3.       ‘: The Neurofibromatosis type 1 (NF1) is an autosomal dominant condition with a birth in- cidence of approximately 1:2000-3000, caused by (mutations) in NF1,..’ -The preferred term is now ‘germline pathogenic variants’

4.       ‘In this scenario of extreme phenotypic variability, there are some geno-type-phenotype associations that we need to recognize because (strongly impacting) on genetic counseling and prognostication of the disease.’ - (strongly impacting)-rephrase to ‘they strongly impact’

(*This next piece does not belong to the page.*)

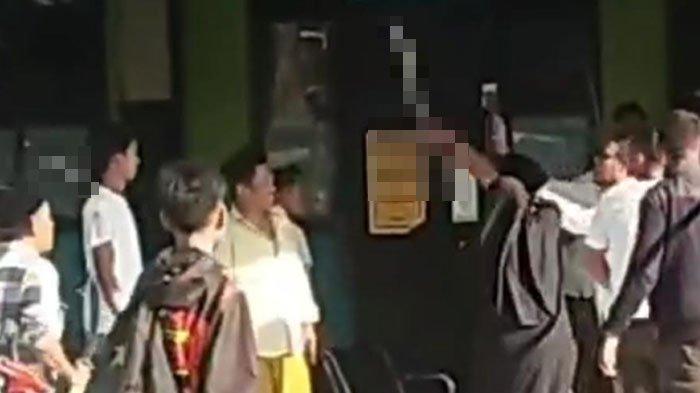 MASSA BERSAJAM : Viral video menyuguhkan massa menenteng senjata tajam (sajam) hendak memasuki pintu masuk IGD Puskesmas Geger pada Senin (28/4/2025) menjelang waktu sore hari.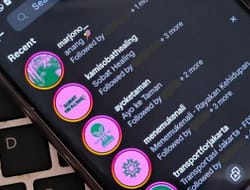 BRAVE PINK HERO GREEN: 17+8 TUNTUTAN RAKYAT VIRAL, SIMBOL BARU PERLAWANAN WARGANET?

5.       ‘The incidence is 1/2000-3000 individuals in the general population [1-3]’ -You must define ‘incidence’. Here you mean birth incidence. Please also cite source references rather than reviews so references 1 and 2 should be replaced

6.       ‘(In) About 50% of cases, it is caused by de novo mutations of NF1, on chromosome 17q11.2, encoding neurofibromin,..’ -English

7.       ‘NF1 is characterized by highly variable inter- and intra-familiar expressivity and multi-systemic involvement. Clinical diagnosis has always been based on the clinical-radiological criteria defined in 1987 by the National Institutes of Health [8].’ -NOT always. How was it made before 1987? There are now new revised criteria that should be quoted so the authors should say since 1987 until 2021 and cite new reference. Although you do quote these later the use of ‘always’ here is inappropriate

8.       ‘. CALMs may also be present in other clinical conditions, including LGSS, LEOPARD syndrome, piebaldism, McCune Albright syndrome, and Mismatch Repair Deficiency (MMR-D) syndrome’ The latter is usually referred to as Congenital’ in both that and McCune Albright syndrome the CALMS have a usually irregular border unlike NF1

9.       ‘Nevus anemicus (NA) is a congenital hypopigmentated skin abnormality’ -why is this anemic nevus in the table- be consistent

10.   ‘In the last few years, a new ocular sign represented by choroidal anomalies (CAs) has been characterized in NF1 and included in the diagnostic finding [1].’ -is ref 1 really the most appropriate here?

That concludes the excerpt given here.